La noticia no me ha sorprendido lo más mínimo. He visto a sus congéneres del Mediterráneo, alguna de las pocas veces que me he animado a abandonar mi plácido retiro de Aigües para bajar a El Campello, Sant Joan o La Vila Joiosa. Van como locos en esas motos infernales, pegando saltos sobre el agua. Lo único que me extraña es que no haya todos los días noticias de submarinistas y nadadores descabezados por esa plaga de niños bonitos.
Forman parte de una moda estival que me tiene perplejo.
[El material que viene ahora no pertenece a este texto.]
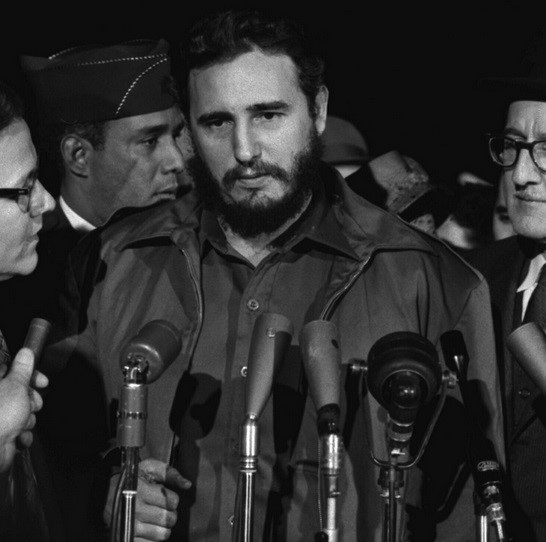 Fan keu goi sao ‘Taken’ dong phim ve lanh tu Fidel Castro hinh anh 7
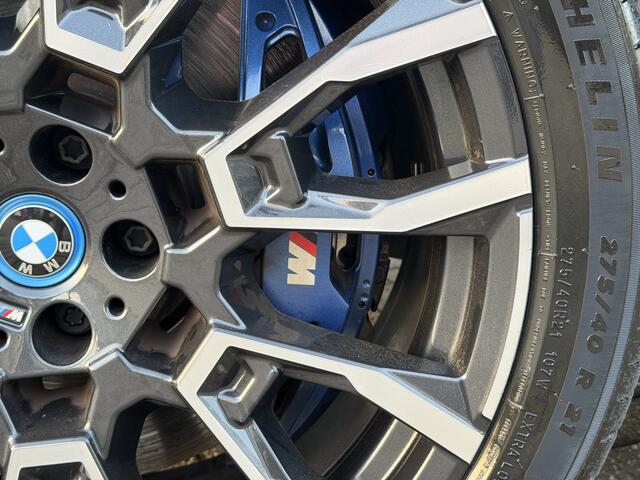 BMW X5 xDrive50e M Sport Pro Skylounge | Massage | Iconic Glow | Soft Close | Carbon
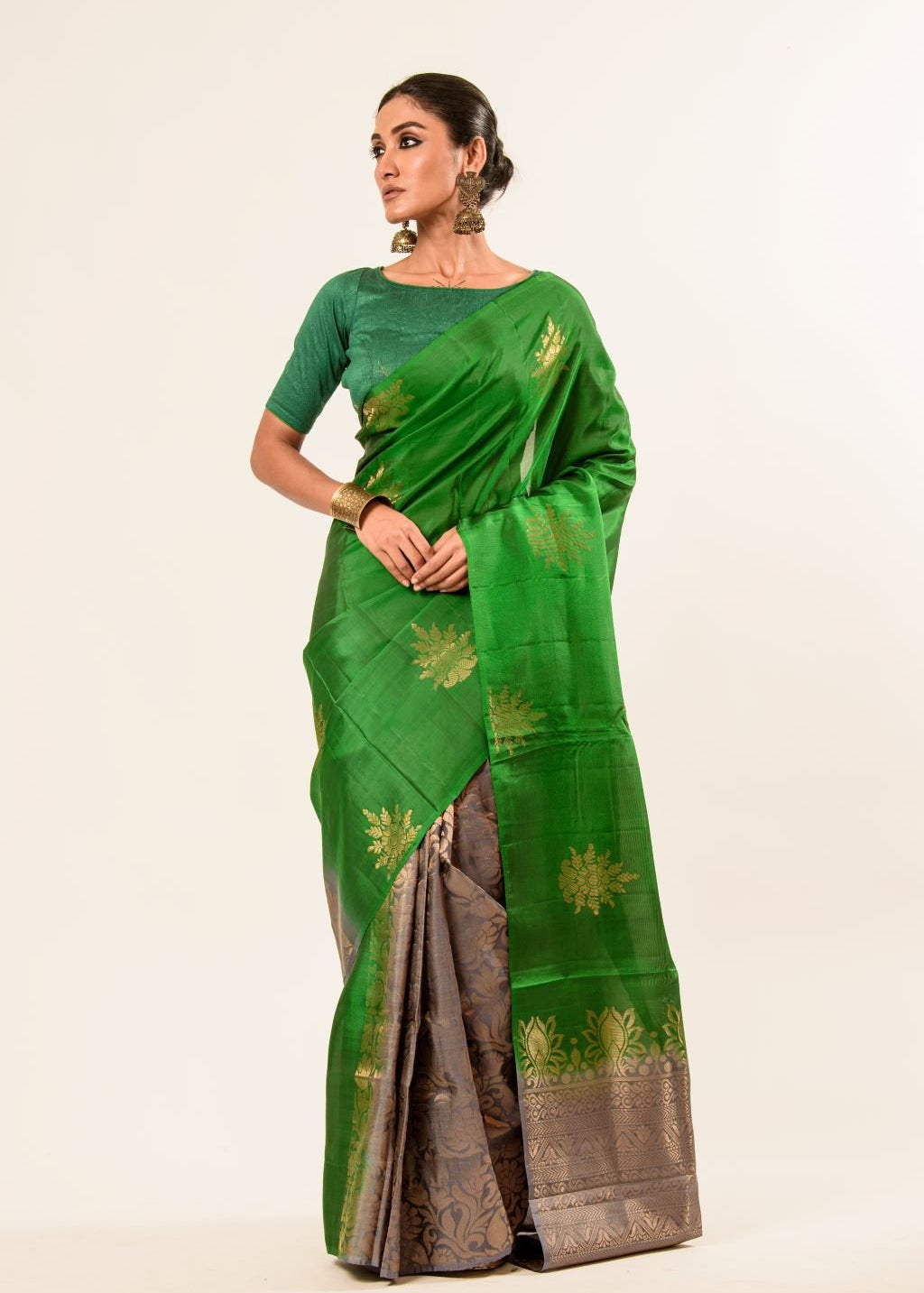 Green Borderless Authentic Kanjivaram Pure Silk Saree with Grey Contrast Pallu - Anvi Couture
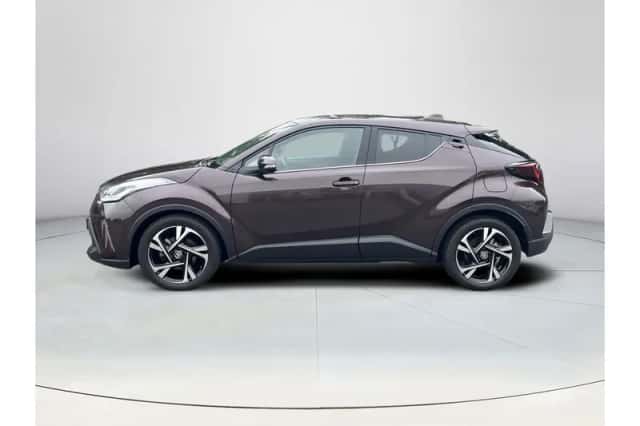 Toyota C-HR (2023) thumbnail 2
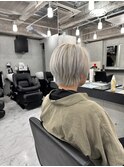 肩上ボブ大人可愛いボブひし形ボブアッシュベージュ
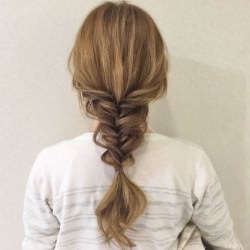 フィッシュボーン風だけど超簡単☆モテ系編みおろし ヘアアレンジ ロングヘア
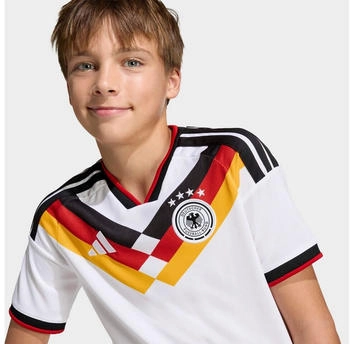Adidas Deutschland Heimtrikot Kinder 2026 – Funktionsmaterial hält auch beim aktiven Spiel trocken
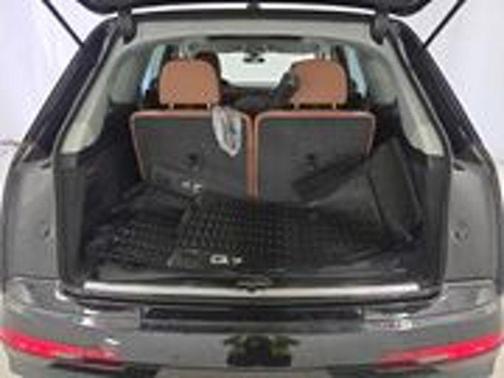 2022 Audi Q7 55 Premium Plus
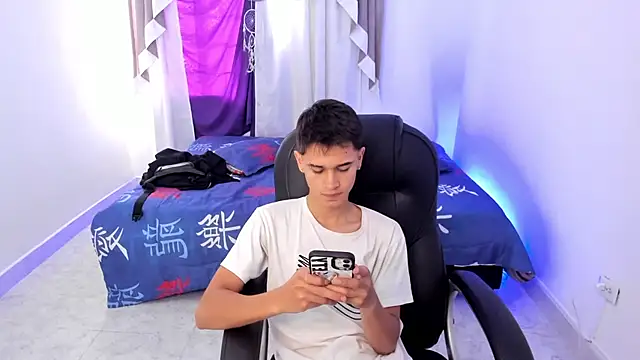 Snapshot of Aron_Boyy chatting on 10-16-25, 07:37 Aron Boyy online show from 10-16-25, 07:37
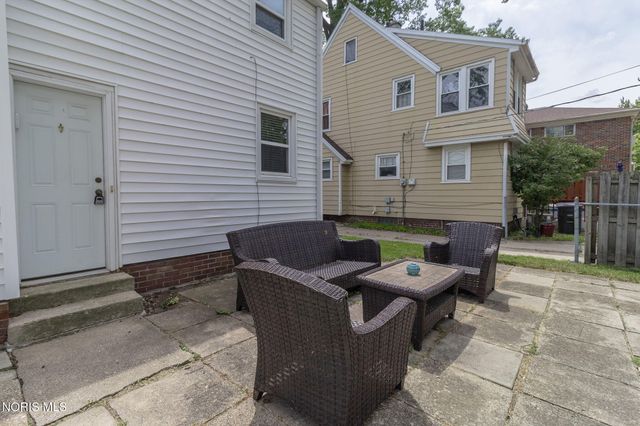 2512 Berdan Avenue, Toledo, OH 43613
El que no circula a 120 km./h. sobre una inestable moto de agua desciende a toda pastilla por los rápidos de un río de montaña, se tira de un puente atado por unas cuerdas, se lanza desde una cumbre en plan Ícaro o da trabajo a los talleres de automóviles pegando botes por un camino de monte. La cosa, por lo visto, es jugarse el tipo como sea. Es obvio que encuentran divertido correr a escape por la fina línea que separa la vida de la muerte.
Descartada la posibilidad de ponerme ñoño -la verdad es que la existencia de estos teóricos seres civiles me la trae al pairo-, reflexiono sobre el irresistible atractivo que tiene para ellos jugarse la vida un día sí y otro también. Y llego a una conclusión que me parece inevitable: no le encuentran suficiente atractivo a la vida.
A mí me sucede todo lo contrario. La vida diaria me resulta ya demasiado arriesgada de por sí.
Javier Ortiz. Diario de un resentido social (7 de agosto de 2001). Subido a "Desde Jamaica" el 30 de mayo de 2017.